Seperti bisa diduga, liga sepak bola kasta tertinggi Arab Saudi, Saudi Pro League, berada di posisi teratas.
Kompetisi yang dihiasi bintang-bintang sepak bola dunia, termasuk Cristiano Ronaldo, tersebut memuncaki daftar dengan nilai valuasi 454,29 juta euro.
Berselisih hampir 200 juta euro di bawahnya, bertengger UAE Pro League dengan nilai valuasi 273,98 juta euro.
Melengkapi posisi tiga besar, ada liga paling bergengsi di Jepang, J1 League, dengan nilai valuasi mencapai 262,33 juta euro.
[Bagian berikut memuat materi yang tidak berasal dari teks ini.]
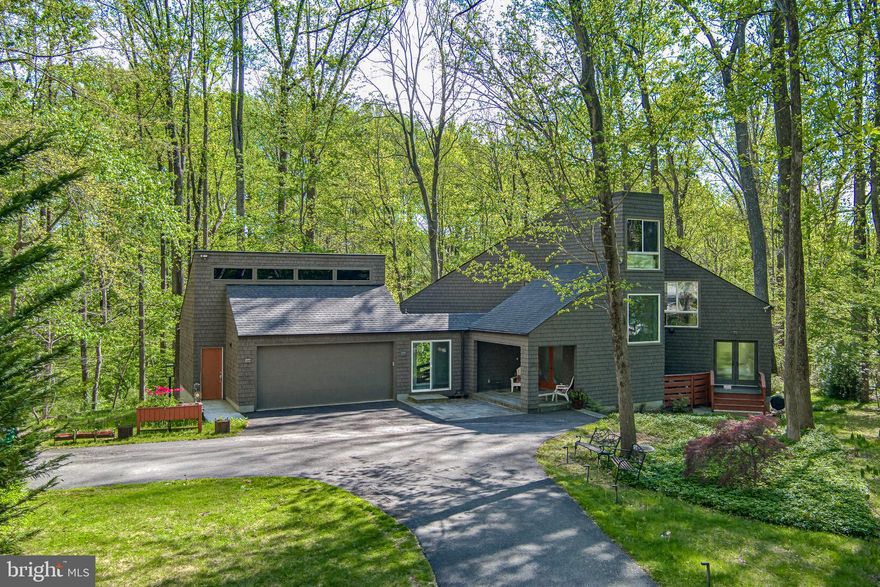 I am so honored to present this extraordinary property! It is a Classic Columbia Contemporary, that has been completely updated. The architecture is so thoughtful -- It is dramatic and elegant, but also warm and easy to live in. The sellers added a wonderful addition that comprises an entry room with storage, and a lovely bridge-breezeway to a two car garage with built-in EV chargers. They renovated most of the spaces top to bottom, replacing the kitchen, bathrooms, and installing warm cherry wood floors and smart lighting throughout. It offers sleek architectural lines and large windows that flood the interior with natural light. Nestled on a .46 acre lot backing to open space, there are gorgeous views from every window. The open-concept layout creates a spacious feel, but the rooms are human sized, and made for living…don’t miss the adorable ladder from the family room to the loft bedroom/office upstairs! Backing to woods and open space, the home provides a tranquil retreat with scenic views and direct access to nature, making it ideal for those seeking privacy and a connection to the outdoors. The Columbia open space path enters the woods from this cul-de-sac, and eventually leads to the Middle Patuxent River, and Environmental Area. It’s truly a woodland retreat in the middle of Columbia. Watch the deer, foxes, and birds play from one of your decks, then head to downtown Columbia less than three miles way for dining and shopping. Please also note the backup generator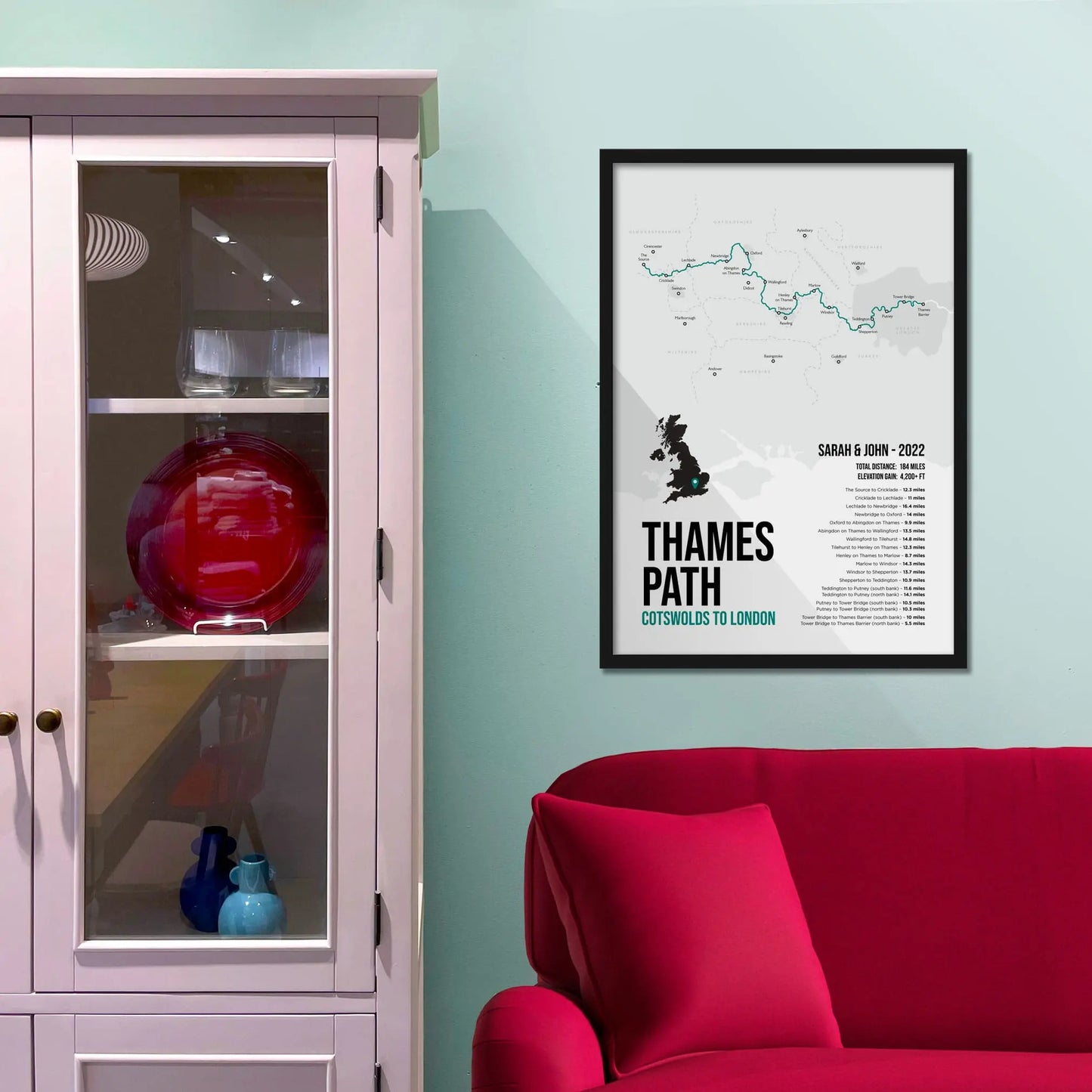 Framed print on light blue wall beside pink shelving unit.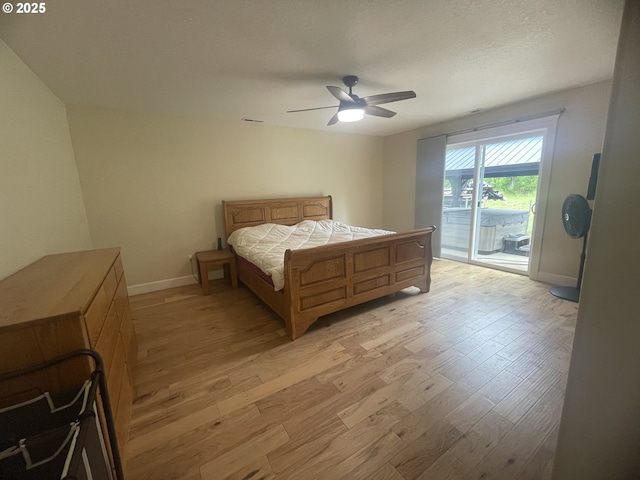 24945 Oak Ln, Elmira, OR 97437 - bedroom with access to exterior, light wood-style flooring, baseboards, and a ceiling fan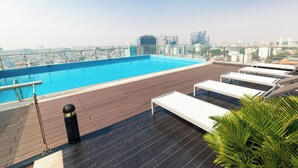 A rooftop pool with a city view, wooden deck, and lounge chairs.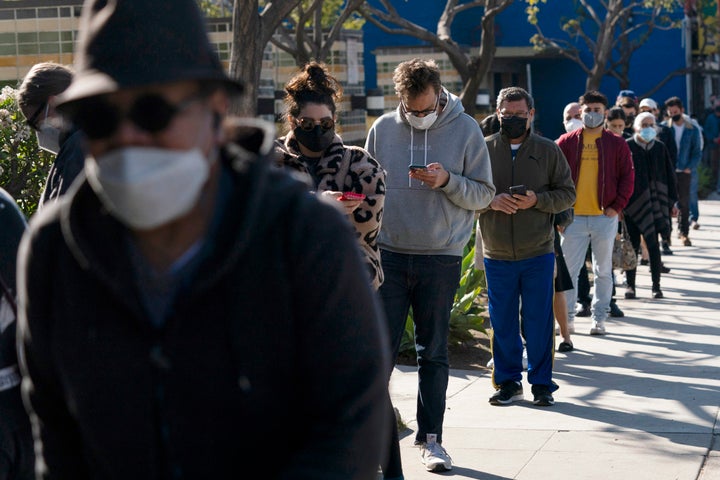 People wait in line for a COVID-19 test in Los Angeles, on Jan. 4, 2022.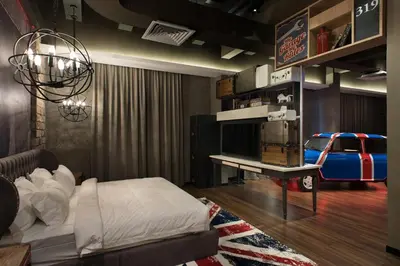 a bedroom with a bed and a table with a car on it at Vangohh Eminent Hotel & Spa in Bukit Mertajam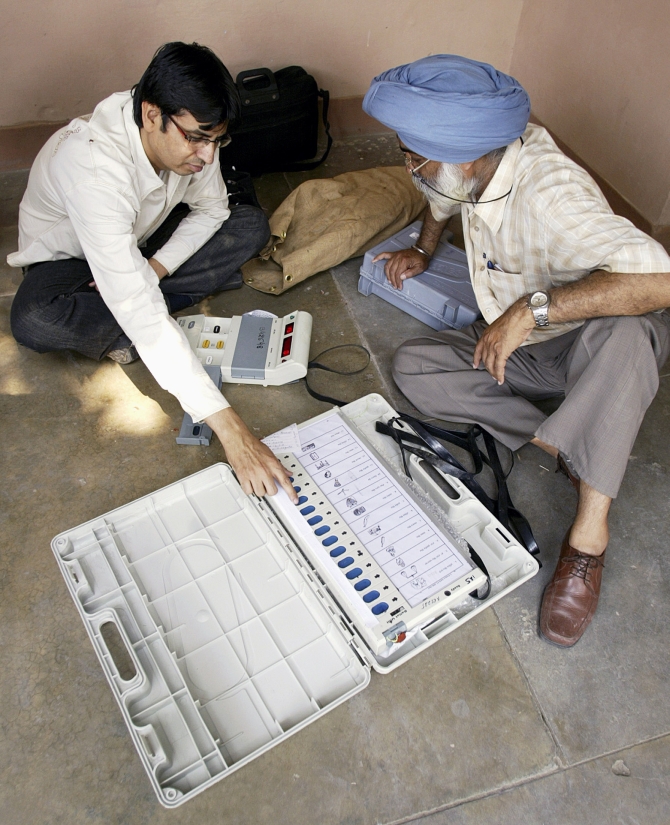 Polling officers check an EVM at a distribution centre in Amritsar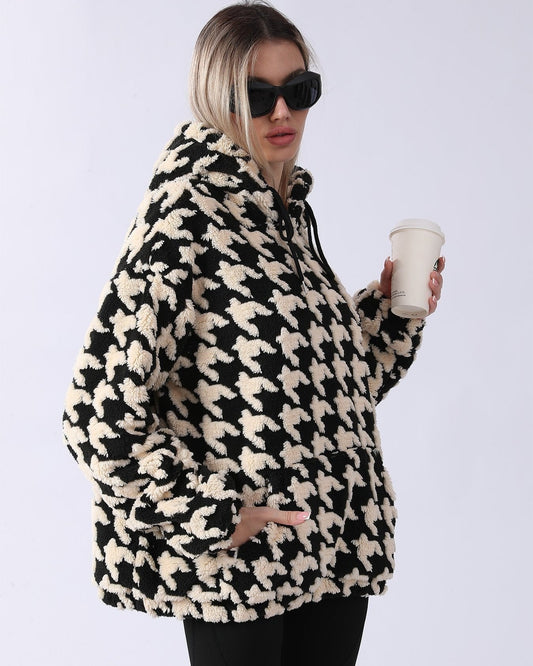 Frau in schwarz-weißem Hahnentritt-Fleece-Hoodie, hält Kaffeebecher, trägt Sonnenbrille. Modetrend, Wintermode, lässiger Stil.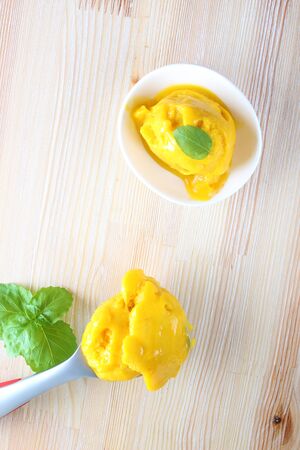 mango sorbet on a light backgroundの写真素材
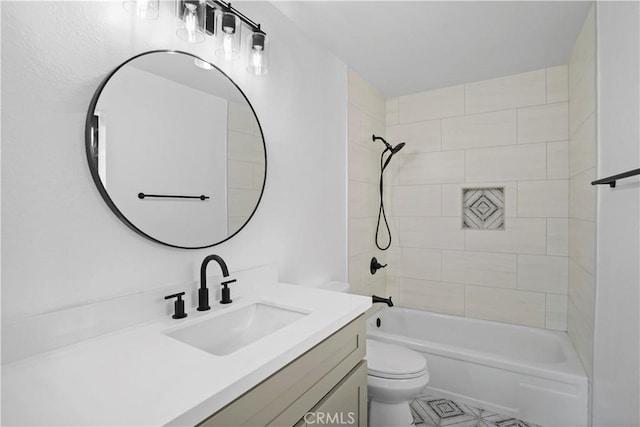 full bathroom featuring toilet, vanity, and tiled shower / bath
Lantas, bagaimana dengan Liga 1, yang menjadi kompetisi sepak bola paling bergengsi di Tanah Air? Ternyata, Liga 1 tercatat menghuni peringkat 10 besar!
Dengan valuasi 74,54 juta euro, Liga 1 bertengger di peringkat 10 liga dengan valuasi tertinggi di Australasia. Angka ini paling tinggi dibandingkan negara ASEAN lainnya.
Thai League berdiri persis di bawah Liga 1 dengan valuasi 71,95 juta euro, sedangkan Super League Malaysia menyusul di urutan ke-12 dengan valuasi 53,47 juta euro.
Ironisnya, dengan status sebagai liga termahal se-ASEAN, Liga 1 justru menjadi salah satu kompetisi dengan kualitas terburuk di Asia.
1. Dipicu Buruknya Prestasi Klub
AFC menempatkan Liga 1 di urutan ke-6 liga dengan kualitas terbaik di ASEAN. Jika berbicara di level Asia, kualitas Liga 1 berada di urutan ke-26, lebih buruk ketimbang Korea Utara.
Peringkat ini terbilang buruk karena di belakang negara-negara yang secara level berada di belakang Indonesia perihal sepak bola seperti Singapura ataupun Filipina.
Tapi perbedaan terlihat dari kiprah masing-masing klub dan pengelolaan kompetisi dari negara-negara tersebut, sehingga bisa berbicara banyak di Asia.
AFC menaruh Liga 1 di peringkat ke-26 Asia tak lepas dari kiprah buruk klub-klubnya di kancah Asia sejak 2014, atau saat sepak bola Indonesia mengalami gejolak.
Secara historis, kompetisi Indonesia tak banyak mendulang poin dari kesertaan klub-klubnya di level Asia sejak 2014 hingga 2022 lalu.
Hal ini ironis, karena pada 2008 silam, kompetisi Indonesia Super League (ISL), yang menjadi cikal bakal Liga 1, sempat menjadi yang terbaik di Asia Tenggara versi AFC.
Polemik di persepak bolaan Tanah Air seperti dualisme hingga pembekuan FIFA membuat sepak bola Indonesia mengalami penurunan drastis, yang dampaknya terasa sampai sekarang.
Mundur ke belakang, poin kompetisi Indonesia di mata Asia pun sejatinya jauh dari kata baik. Sebagai contoh ada Persibo Bojonegoro yang pernah jadi bulan-bulanan di Piala AFC pada 2013 lalu.
Belum lagi dengan klub-klub lainnya yang tak banyak berbicara di Asia, sebelum akhirnya PSM Makassar menembus final Piala AFC 2022 zona Asia Tenggara.
Karena catatan buruk klub-klubnya di level Asia, kompetisi Indonesia pun tak bisa mendulang poin untuk mempertahankan status liga terbaik di Asia Tenggara.